**Exercise goal**. The whole listing is to be written out again exactly; the pictures are not.

Available data START

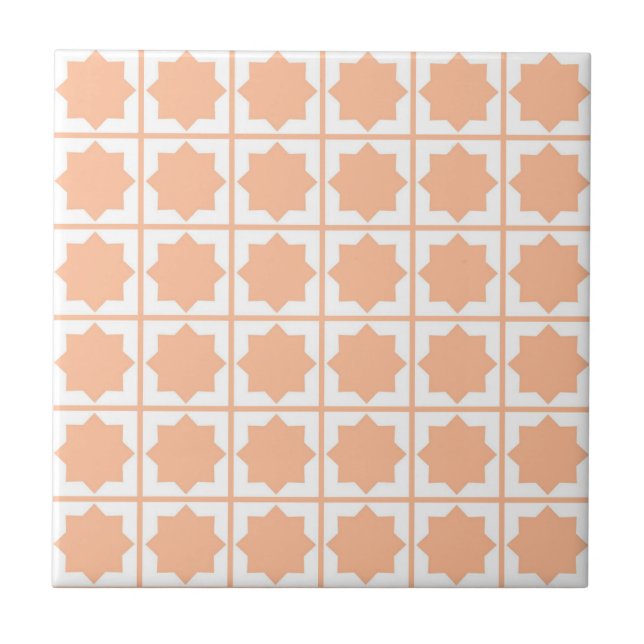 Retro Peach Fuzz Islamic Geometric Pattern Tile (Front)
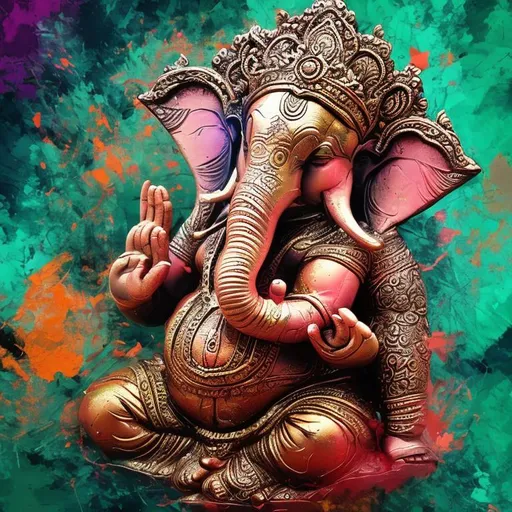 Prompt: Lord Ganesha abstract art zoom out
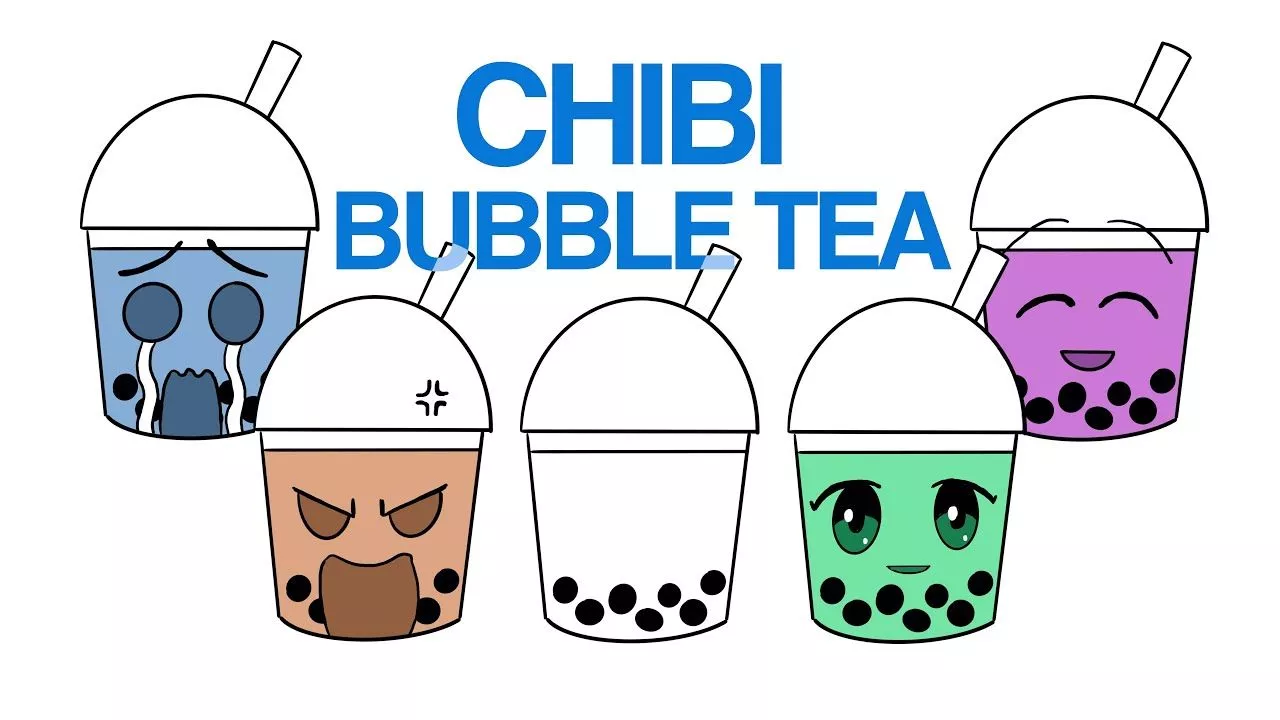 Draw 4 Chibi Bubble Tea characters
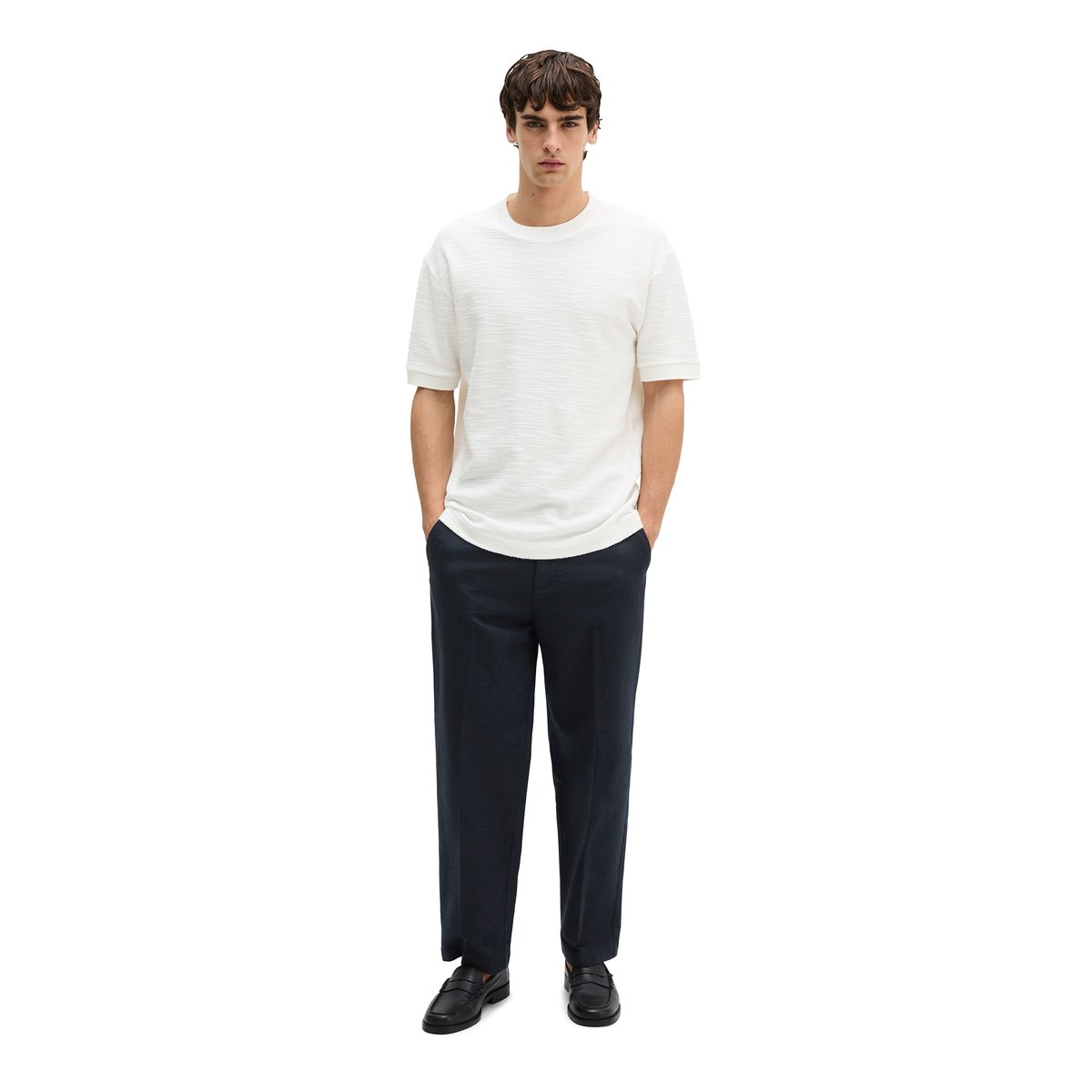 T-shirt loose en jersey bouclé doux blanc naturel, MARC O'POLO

Available data END

**Exercise output**.
 Retro Peach Fuzz Islamic Geometric Pattern Tile (Front)
 Prompt: Lord Ganesha abstract art zoom out
 Draw 4 Chibi Bubble Tea characters
 T-shirt loose en jersey bouclé doux blanc naturel, MARC O'POLO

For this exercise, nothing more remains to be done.